Lorraine M. Sheehan, a tenacious disability rights advocate who served in the General Assembly and had been Maryland's secretary of state, died of pneumonia complicated by cystic fibrosis Saturday at Johns Hopkins Hospital. The Edgewater resident was 72.

Family members said that Ms. Sheehan resolved to become involved in defending the rights of the disabled after physicians advised her to place a son diagnosed with autism and retardation in an institution. Years later, she fought successfully to close the Rosewood Center, a hospital for the severely disabled; the facility in Owings Mills closed in June.

Born Lorraine Cantin in Manchester, N.H., she attended schools there and moved to New York City, Scranton, Pa., and Prince George's County, where her husband, Peter Sheehan, was a union organizer.

The mother of four children, she became frustrated with the medical - and later education - communities when a doctor at Children's Hospital in Washington advised her to institutionalize her son. She later directed much of her energy to finding ways to independently house people with disabilities.

"She was tenacious, kind and fair," said her daughter, Laura Carr of Edgewater. "She was a very strong person who was ready to fight for the underdog."

Ms. Sheehan was elected to the Maryland House of Delegates in 1974 and represented a district in Prince George's County. She was re-elected in 1978 and 1982, and during that period successfully campaigned to have the Washington Metro subway system routed to serve blue-collar workers who lived near Branch Avenue. Newspaper articles described her as a champion of women's issues, and she supported abortion rights.

Ms. Sheehan served on the House Judiciary Committee and the House Ways and Means Committee.

Family members said she concentrated on disability issues, as well as women and family issues. She introduced legislation on transportation for students with disabilities and a bill to address the state Developmental Disabilities Administration's lengthy waiting list for assistance.

In 1983, Gov. Harry R. Hughes named her secretary of state.

"She had a great concern for others," Mr. Hughes said. "And she did a great job for me."

She held the post for four years.

She later became a lobbyist and represented nonprofit agencies, including the Maryland Center for Community Development, Job Opportunities Task Force, Maryland Disability Law Center and Maryland Mental Health Association.

She expanded her interests and work on reducing gun violence, as well as teen smoking and other health issues.

"She was a sweetheart," said Vincent DeMarco of the Maryland Citizens' Health Initiative.

She was president of The Arc of the United States, a national advocacy organization serving children and adults with intellectual and developmental disabilities.
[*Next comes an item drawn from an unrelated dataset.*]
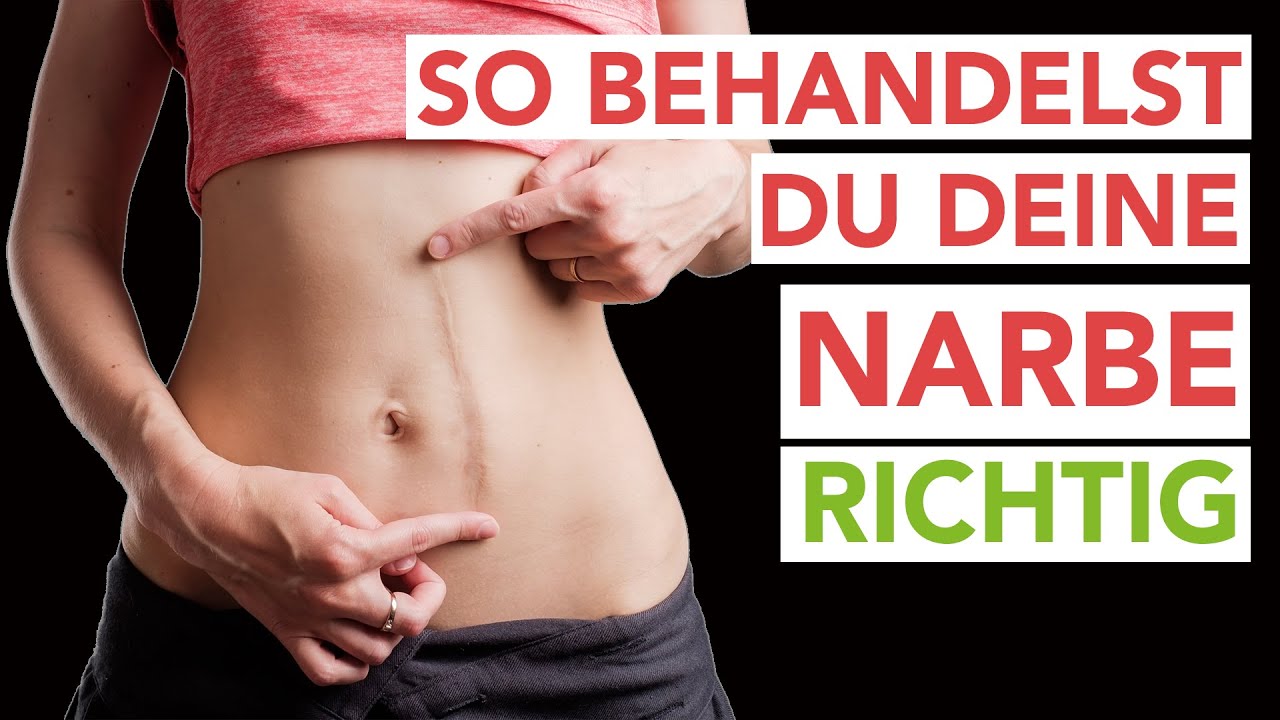 Narben Richtig Behandeln: Effektive Narbenmassage Techniken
She also held Arc's Maryland and Anne Arundel County presidencies.

She was inducted into the Maryland Women's Hall of Fame in 2002 and was the 2009 Advocate of the Year for the Anne Arundel Disability Commission.

"Her keen sense of political strategy combined with fierce determination and unwavering tenacity made her a role model and mentor for hundreds of people with disabilities," said Arc of Maryland director Christy Marchand, who lives in Deale. "Thousands more have benefited from her advocacy at the state, local and national levels."

Family members said that her longtime work to help her son allowed him to live at home and become integrated into the Edgewater community. He now runs a recycling business.

A memorial service will be held Jan. 6 at the Annapolis Loew's. The time has not been set.

In addition to her daughter, survivors include three sons, Peter Joseph Sheehan of Hedgesville, W.Va., John Sheehan of Edgewater and Niall Sheehan of Laurel; and seven grandchildren. Her marriage ended in divorce in the early 1970s.